Disturbed: “You’re telling me. Not nearly as glorious as I remember it…”
*Both Jonny and Disturbed are looking around the room, taking in the torn posters and old photos of champions past. A photo of Jonny and Disturbed embracing, holding the tag team titles above their heads, can be seen. As Disturbed’s eyes land on this photo, his head sinks and he lets out a loud sigh.*
Disturbed: “What happened man? Look at us – look at how happy we were.”
Jonny: “I remember that day as if it were yesterday. We were the champions.”
*Jonny motions at a portrait of him holding the World Title above his head, with a plaque underneath it reading *Jonny Stripes, 5 time World Heavyweight Champion**
Jonny: “Champions of the World….*
Disturbed: “Right. Our jobs used to involve bruises, blood, cuts, pain, stunning victories, crushing defeats… Now what? My days are filled with suits, ties, phone calls and sales meetings.”
Jonny: “My days still involve tables, ladders, chairs and various other household and handy appliances – although now I’m selling them rather than opening skulls with them.”

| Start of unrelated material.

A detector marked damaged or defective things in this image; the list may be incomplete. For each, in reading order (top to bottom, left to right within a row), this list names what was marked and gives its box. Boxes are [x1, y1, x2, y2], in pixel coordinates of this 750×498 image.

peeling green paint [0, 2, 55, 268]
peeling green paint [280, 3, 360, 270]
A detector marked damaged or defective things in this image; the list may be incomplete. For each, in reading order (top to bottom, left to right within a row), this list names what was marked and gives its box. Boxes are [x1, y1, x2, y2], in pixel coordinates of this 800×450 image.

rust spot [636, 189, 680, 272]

*They pause and take in more of their surroundings.*
Disturbed:”How is work going for you, anyway?”
Jonny: “Same old, man. Every once in a while an old timer will come into the store, begin a conversation with me and then stop, mid-sentence. They recognize me. They remember me. But they don’t say anything. They’re as embarrassed as I am about what happened to DUEW and they don’t want to ever think about it again.”

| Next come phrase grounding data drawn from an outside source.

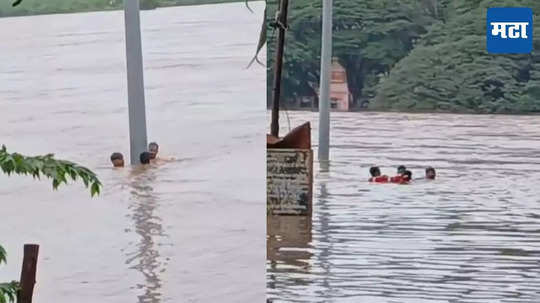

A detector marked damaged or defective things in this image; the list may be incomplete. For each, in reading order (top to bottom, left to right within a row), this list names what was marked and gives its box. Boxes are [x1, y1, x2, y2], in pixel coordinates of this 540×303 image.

rusted metal sheet [266, 148, 312, 215]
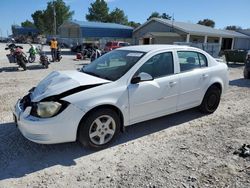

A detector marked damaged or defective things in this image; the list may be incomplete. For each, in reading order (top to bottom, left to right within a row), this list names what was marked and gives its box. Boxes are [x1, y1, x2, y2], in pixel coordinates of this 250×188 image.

crumpled hood [30, 70, 110, 102]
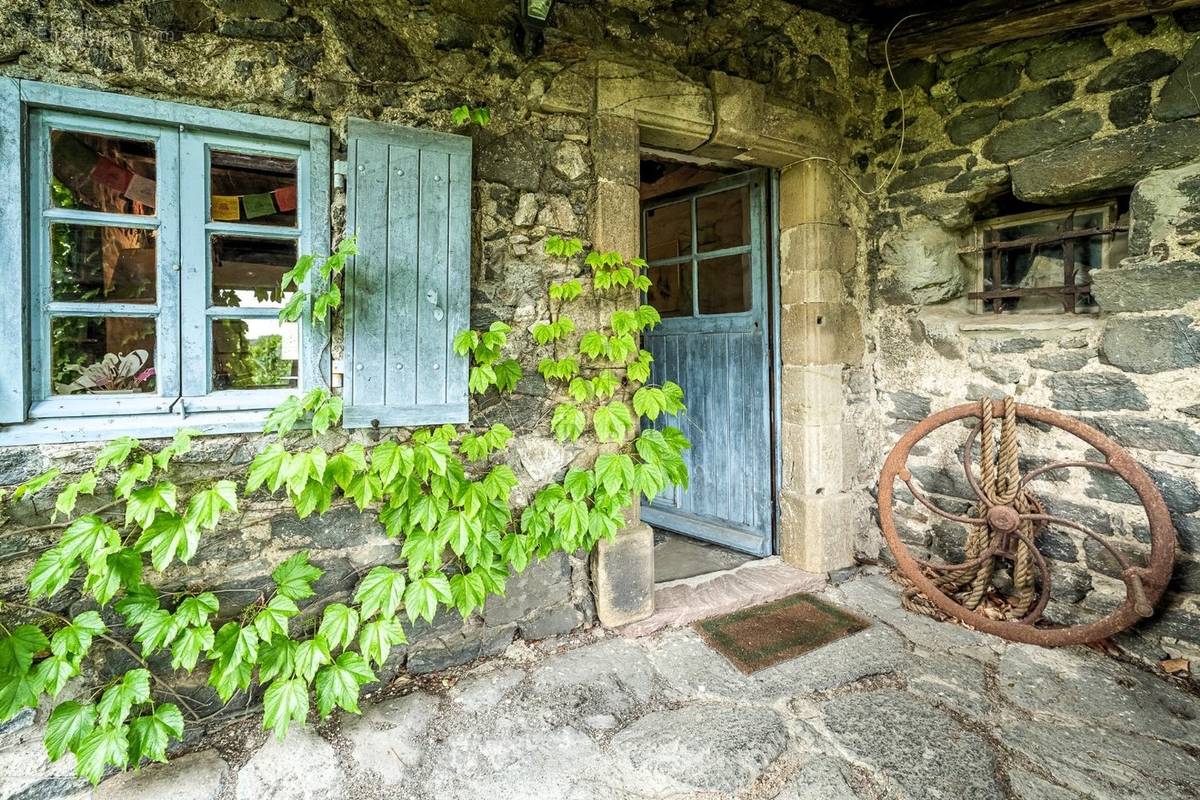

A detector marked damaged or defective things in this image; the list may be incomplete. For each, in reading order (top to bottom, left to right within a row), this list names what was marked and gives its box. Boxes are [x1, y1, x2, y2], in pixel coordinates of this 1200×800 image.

rusty iron bar [878, 402, 1176, 647]
rusty iron wheel [878, 400, 1176, 652]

Disturbed: “It’s depressing, isn’t it? You remember the kids that used to drive for miles just to see us in the flesh? The cult followers who would do whatever it took to make it to every show, 3 hours early, front and centre just to watch us warm up? We got that reaction from people simply by doing what we loved. Now days the only way I get a reaction even remotely close to that is if I manage to close a sale with a large client, which I certainly wouldn’t consider doing ‘what I love’”
Jonny: “You know if we hadn’t been so stupid as to listen to the DUEW financial advisors we wouldn’t have to be working now. Invest it all in DUEW shares they said. DUEW will last forever and continue to grow bigger and bigger they said. Huh, right. I lost over 6 million dollars investing in the DUEW franchise…”
Disturbed: “I hear ya’, 4.5 million for me….”
Jonny: “DUEW left us without a penny, without a job, without a passion to pursue – and in 7 short months when this building gets demolished, the only thing it will have left us with is a memory of what once was.”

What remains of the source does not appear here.